A Very Dirty Wedding

It’s like watching two trains moving in slow motion toward certain collision. I know what my father is going to say before he even says it, but I just can't bring myself to believe it.

"We've managed to keep this out of the press, but we're planning to make an announcement soon. And the two of you have been shielded from it at boarding school. That wasn't intentional on our part. We meant to tell each of you over the holidays, but it just didn't seem like the right moment." He clears his throat. "And you should know first."

No, no, no.

"This may come as a shock."

That’s the fucking understatement of the century.

"Ella and I have been seeing each other for some time. And we're getting married. It will be tasteful, respectful of your late mother, of course. But it will have to happen this summer, before the major campaign push."

Oh my God. Oh my God. Oh my God. I’m screaming the words inside my head.

I’ve just lost my virginity to my new stepbrother.

I'm completely fucked.





CHAPTER TWO

Katherine



I’m going to be sick. I feel dizzy, detached from the entire situation as if I'm watching it happen from outside of my body, the three of them lined up in front of me, waiting for me to respond. Like some kind of emotional firing squad.

Maybe I’ll faint, I think, matter-of-fact. The casualness with which I consider it almost makes me laugh. Except that the situation is essentially a tragedy, not a comedy.

I’ve only fainted once before. It was during one of my mother’s appointments. The word makes it sound like we were going to the hair salon or the spa, but it was her chemotherapy. I’d insisted on going, despite her protests that I needed to be in school, that I was in eighth grade and I’d soon have to compete for a spot at one of the prestigious private high schools in the DC area. It was obviously an excuse, her way of trying to shelter me. But even then, despite my parents’ attempts to hide the severity of my mother’s disease from me, and maybe from themselves, some part of me knew she was dying.

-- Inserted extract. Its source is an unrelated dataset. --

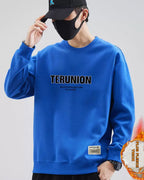 Letter Detail Cotton Sweatshirt - Azure, XXL image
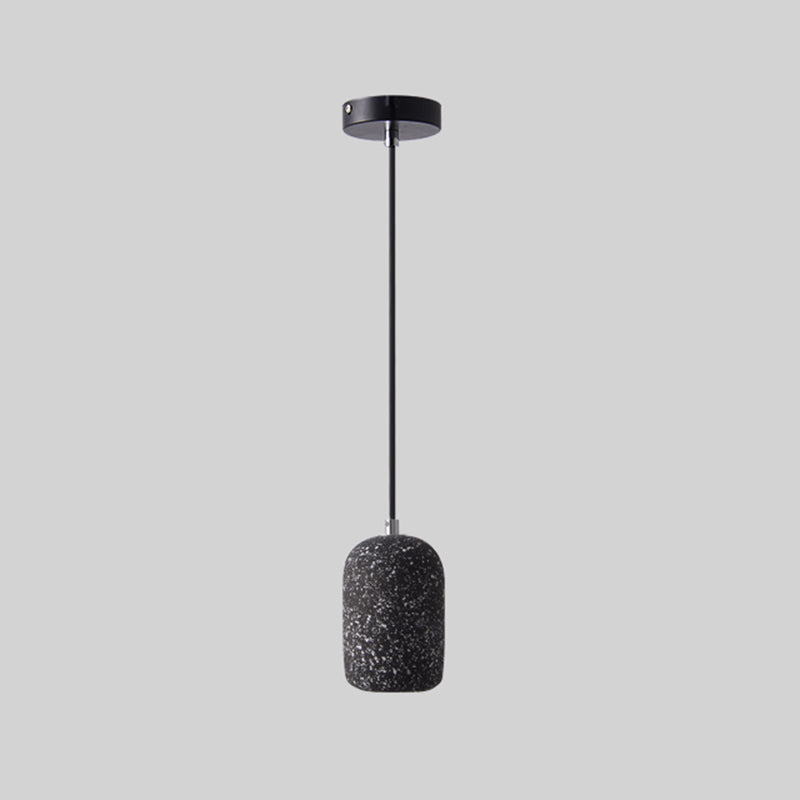 Nordic Capsule Pendant Light Cement Single-Bulb Dining Room Suspension Light Fixture Black Clearhalo 'Ceiling Lights' 'Modern Pendants' 'Modern' 'Pendant Lights' 'Pendants' Lighting' 2205425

Do not pass out, I tell myself now. Not over this.

“It’s obviously a lot to take in,” my father says.

“Obviously,” I parrot, my voice sounding robotic.

My father clears his throat. “Caulter was just saying that he knows you well from school.”

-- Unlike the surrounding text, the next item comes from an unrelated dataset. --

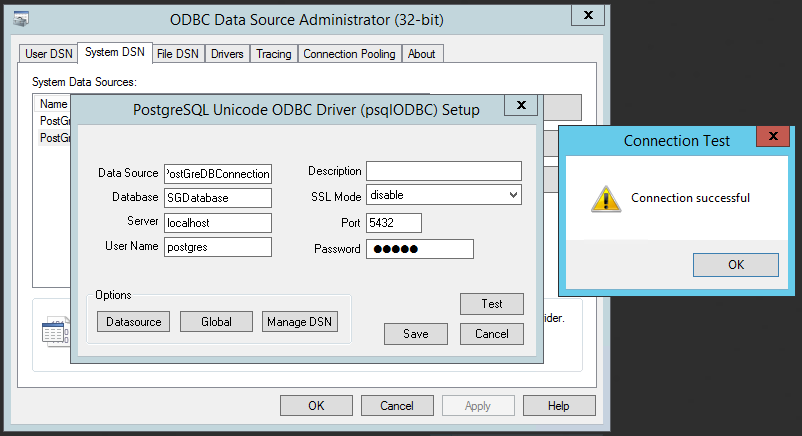 Test Database Connectivity from 32-Bit ODBC connector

I narrow my eyes at Caulter, hoping my murderous glare is enough to silence whatever the hell the unpredictable jackass is considering saying. Caulter's eyes crinkle at the edges, and the smirk makes me think he considers this entire situation a joke.

Oh shit. What if he knew about our parents before...what happened between us that night? The thought triggers a fresh wave of nausea.

“Brighton’s not exactly a big place,” Caulter says. “Everyone knows everything about everyone. It’s practically incestuous.”

Ella Sterling’s face blanches at the word, and my father clears his throat. If I weren’t so completely and entirely enraged with Caulter, I’d almost be amused by my father’s obvious discomfort. Senator Jed Harrison is not the kind of man around whom you casually toss words like incestuous.

“Caulter,” Ella says, her tone sharp. “Perhaps we should give Katherine and her father a moment.”

The last thing I want right now is a moment alone with my father. I don’t want to hear his explanation for why -- or how on earth -- he was able to keep a relationship with Ella Sterling completely under wraps from everyone, including his own daughter, for the past who-knows-how long. I definitely don’t want a reminder about the significance of his upcoming Senatorial re-election campaign. Or about the importance of decorum and public perception.

Oh my God, public perception. If anyone finds out what happened with Caulter… Before this announcement of my father's, it was just an ill-advised one night stand. A temporary lapse in judgment. My complete loss of sanity. Now, it’s suddenly….incestuous.

My chest feels tight, and I’m having trouble breathing. “I need a minute,” I say as I start to walk away, my body moving of its own accord. “Please.”

I don’t hear what they’re saying. I walk straight out of the room, past the tasteful colonial style furniture placed for show, not use, that matches the decor of the rest of this perfectly polished house. This is not the place where I grew up, the farmhouse in New Hampshire where I spent my childhood. This is the house where my father moved permanently after my mother died, the DC residence; I was shipped off to Brighton, an inconvenience that simply needed reassigned.